Is superannuation compulsory?

Superannuation is compulsory. Generally speaking, it can’t be touched until you’re at least 55 years old.

How do I choose the right superannuation fund?

Different superannuation funds charge different fees, offer different insurances, offer different investment options and have different performance histories.

So you need to ask yourself these four questions when comparing superannuation funds:

  • How many fees would I have to pay and what would they cost?
  • What insurances are available and how much would they cost?
  • What investment options does it offer? How would they match my risk profile and financial needs?
  • How have these investment options performed historically?

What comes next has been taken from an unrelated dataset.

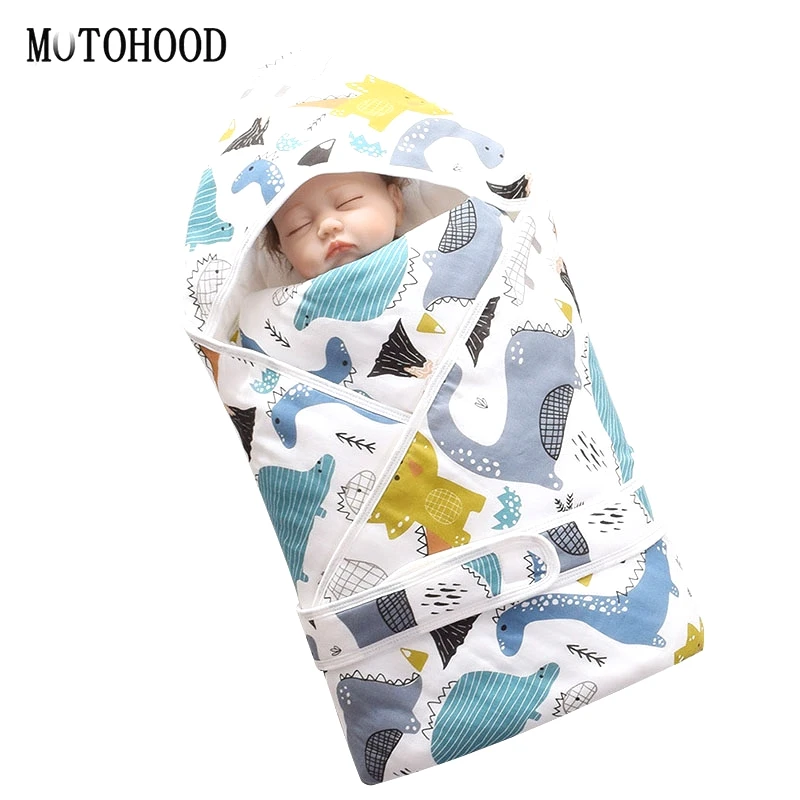 MOTOHOOD Inverno Swaddle Envoltório Infantil Bebê Produtos Do Bebê Recém-nascido Parisarc 100% Algodão Macio Blanket & Panos Cobertor Envoltório Sleepsack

Can my employer use money from my superannuation account?

No, your employer can’t touch the money that is paid into your superannuation account.

Can I choose a superannuation fund or does my employer choose one for me?

Most people can choose their own superannuation fund. However, you might not have this option if you are a member of certain defined benefit funds or covered by certain industrial agreements. If you don’t choose a superannuation fund, your employer will choose one for you.

How does superannuation affect the age pension?

Most Australians who are of retirement age can qualify for the age pension. However, depending on the size of your assets and post-retirement income, you might be entitled to only a reduced pension. In some instances, you might not be entitled to any pension payments.